## [What you are asked to do]
Quote these lines exactly: the one that holds "Насос A-RE507076 (SE500877)" and every line after it to the end of the material below. Skip pictures.
[Dataset records]
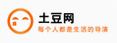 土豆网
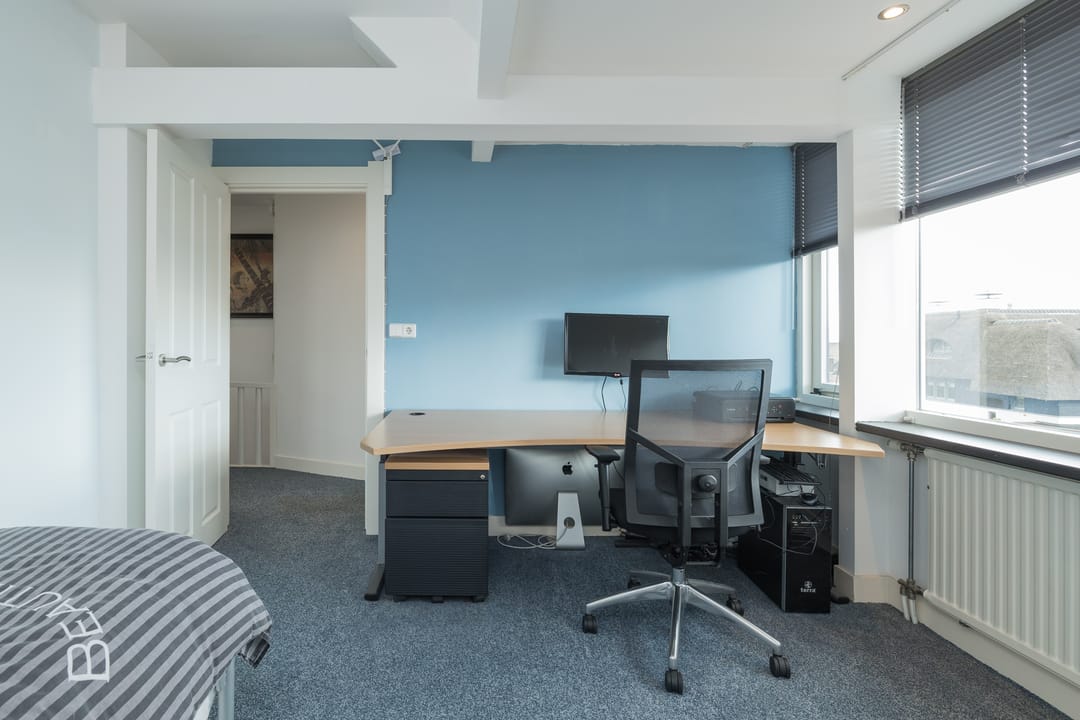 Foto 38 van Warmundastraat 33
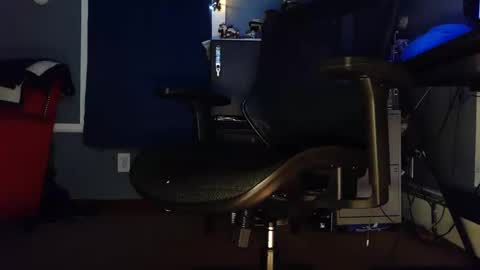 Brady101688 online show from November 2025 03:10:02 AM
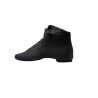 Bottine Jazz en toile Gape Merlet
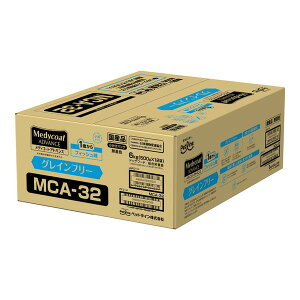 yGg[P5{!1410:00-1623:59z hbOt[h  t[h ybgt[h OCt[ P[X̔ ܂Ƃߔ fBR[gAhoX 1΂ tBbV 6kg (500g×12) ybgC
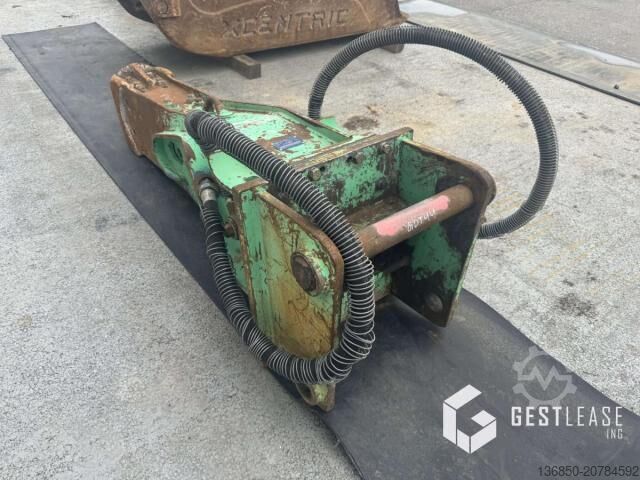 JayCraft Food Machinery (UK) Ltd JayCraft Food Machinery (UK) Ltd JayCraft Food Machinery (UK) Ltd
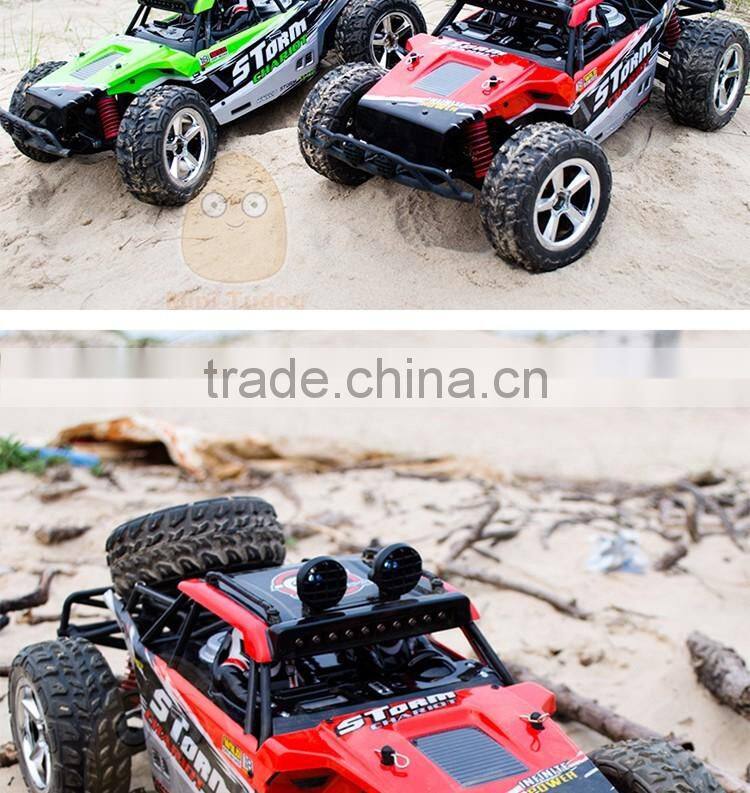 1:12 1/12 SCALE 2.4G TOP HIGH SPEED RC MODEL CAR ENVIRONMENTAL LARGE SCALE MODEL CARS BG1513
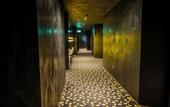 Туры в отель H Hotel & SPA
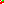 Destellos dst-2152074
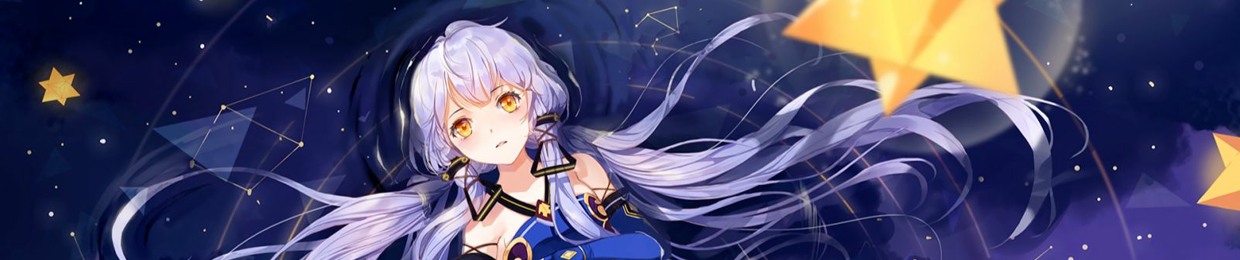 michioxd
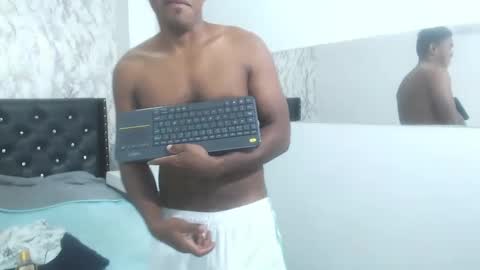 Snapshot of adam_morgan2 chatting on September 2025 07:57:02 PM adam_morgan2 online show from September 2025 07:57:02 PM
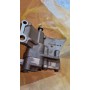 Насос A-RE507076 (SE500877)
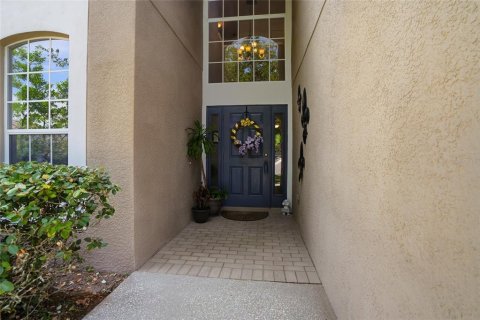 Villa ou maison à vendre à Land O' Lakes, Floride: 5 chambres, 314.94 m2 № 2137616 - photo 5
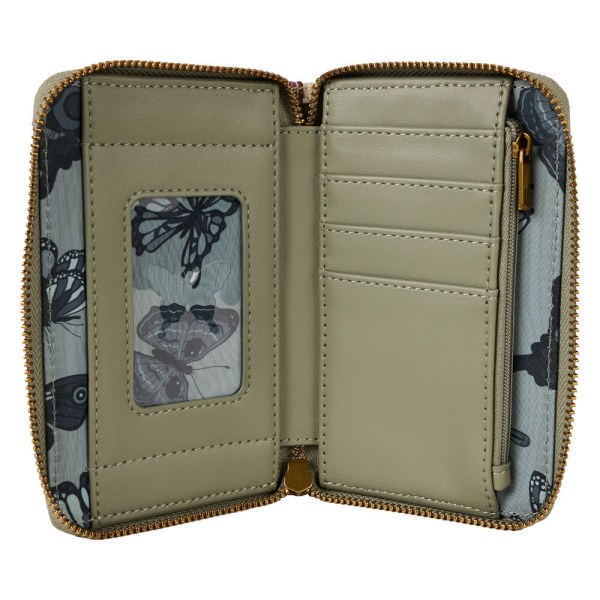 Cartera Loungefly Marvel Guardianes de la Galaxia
[/Dataset records]
## [Answer to this exercise]
 Насос A-RE507076 (SE500877)
 Villa ou maison à vendre à Land O' Lakes, Floride: 5 chambres, 314.94 m2 № 2137616 - photo 5
 Cartera Loungefly Marvel Guardianes de la Galaxia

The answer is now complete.